Posted on Fri 10 October 2014 in old • 2 min read

These notes are gathered from various places. When I can, I give credits and links, but even if I don't, they are certainly not original ideas.

Sequence Learning in RNNs

A example to sequence is a set of words in English. Sequence learning and transforming allows computers to translate this sequence to another language.

Or if no target exists, RNNs predict next element in a sequence. The prediction blurs the line between supervised and unsupervised learning.

Models with State

Autoregressive models.

\begin{equation*} input_t = input_{t-1} + input_{t-2} + \ldots \end{equation*}

With hidden states, it's much easier to achieve more complex tasks.

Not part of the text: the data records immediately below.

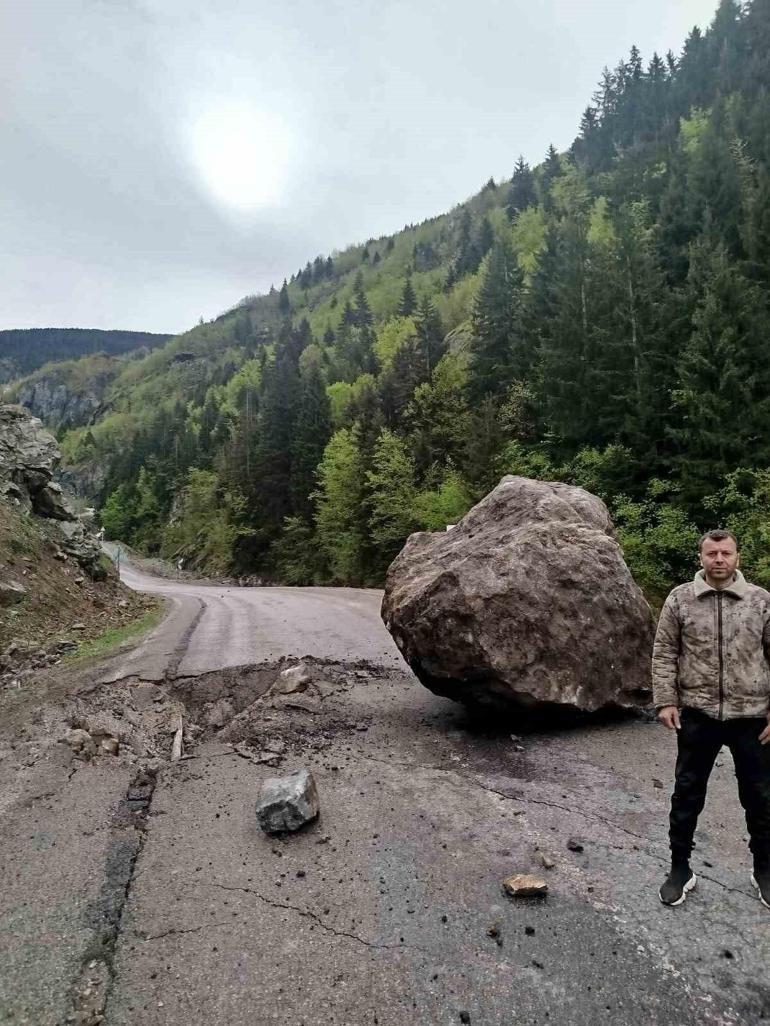 Dev kaya parçası yola düştü, arkadaş grubu son anda kurtuldu; olay sonrası kamerada
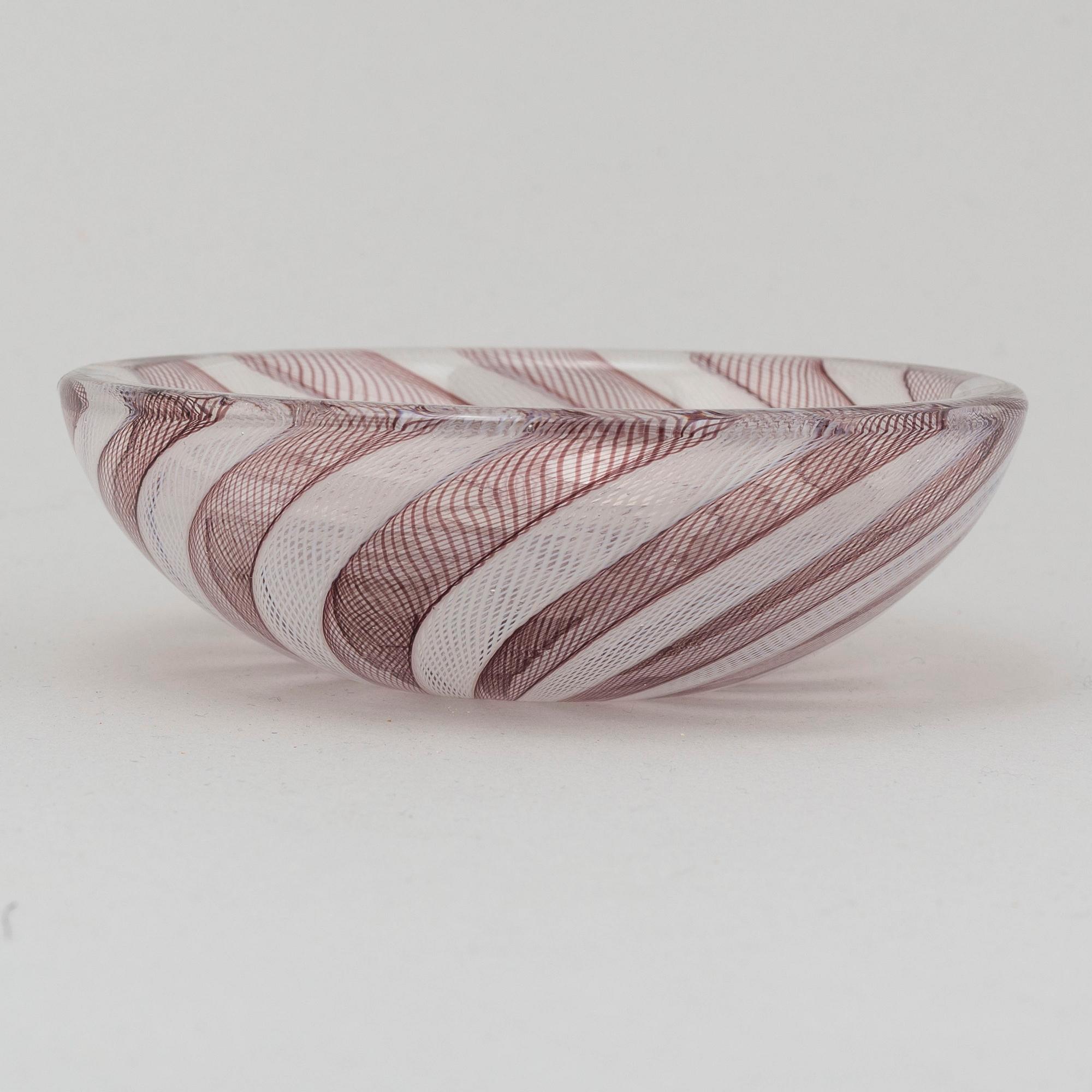 VENINI, fat, glas. Italien,  1900-talets andra hälft.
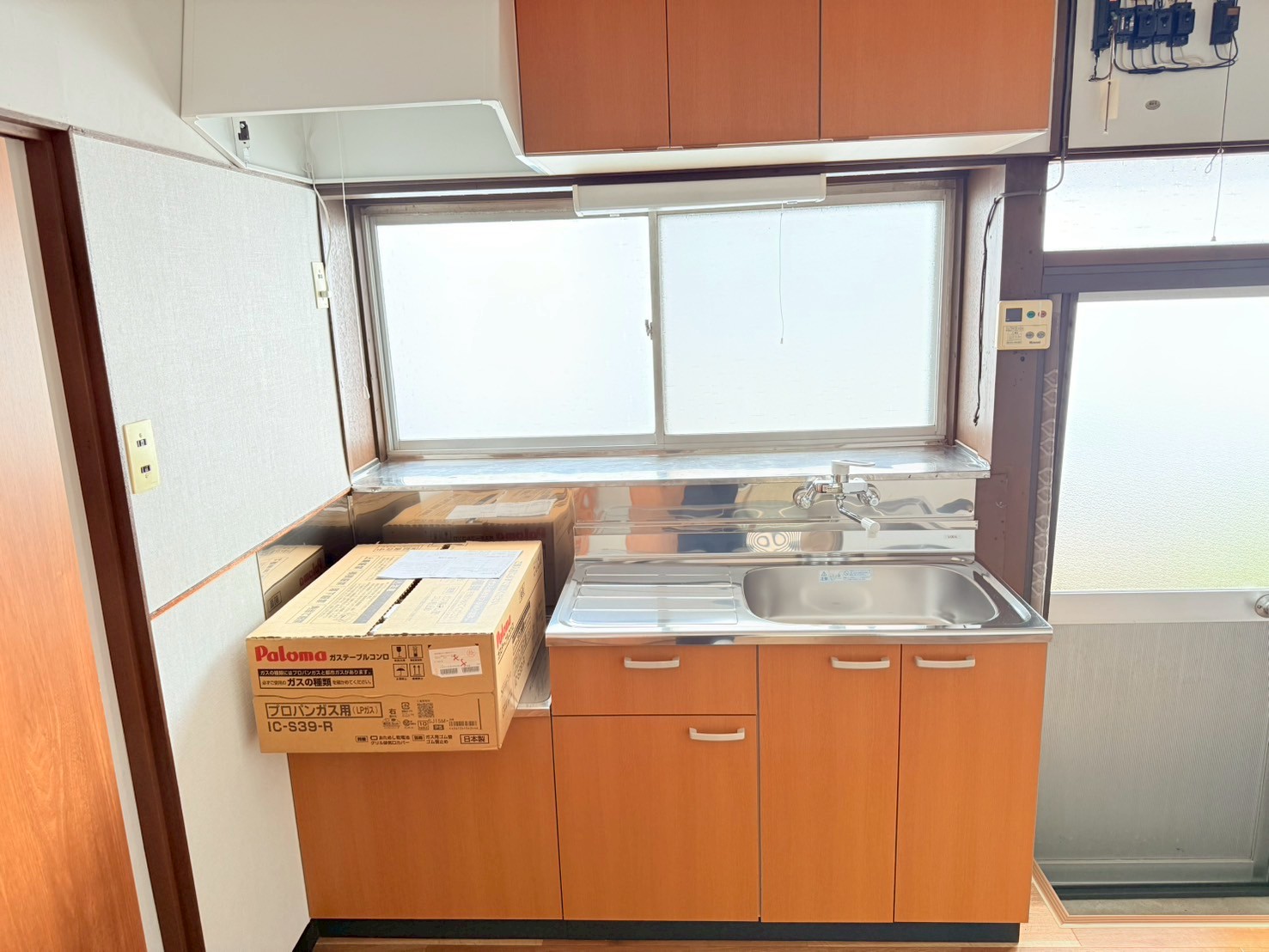 日当たり良好、静かな住宅街に位置する、平屋戸建住宅の画像4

\begin{equation*} input_t = hidden + input_{t-1} + input_{t-2} + \ldots \end{equation*}

Hidden state is nonlinear.

Similarity to Quantum Mechanics

In Feed Forward Neural Nets, hidden state is not observable. Similar to Quantum state?

Two Earlier Models

There are two general types of models worth mentioning.

Linear Dynamical Systems

Used in engineering. The system state is always linear, therefore Kalman filtering is utilized.

Hidden Markov Models

Stochastic models, with discrete states that keep log(N) bits for N states. HMMs have efficient learning and prediction algorithms.

An important limitation of HMMs is their memory. They can keep log(N) bits of information and for a full-fledged linguistic application, we need at least 100 bits to keep as state and this means 2^{100} states. Infeasible.

Difference of RNNs from HMMs and LDSs

Unlike HMMs, RNNs have distributed hidden state and non-linear complex hidden units. Also they are deterministic

Behavior of RNN states - Oscillate. Good for motor control? - Settle to point attractors. Good for retrieving memories? - Chaotic. Bad for information processing.

RNNs could learn to implement lots of small programs to run in parallel.

A disadvatage of RNNs: RNNs are hard to train.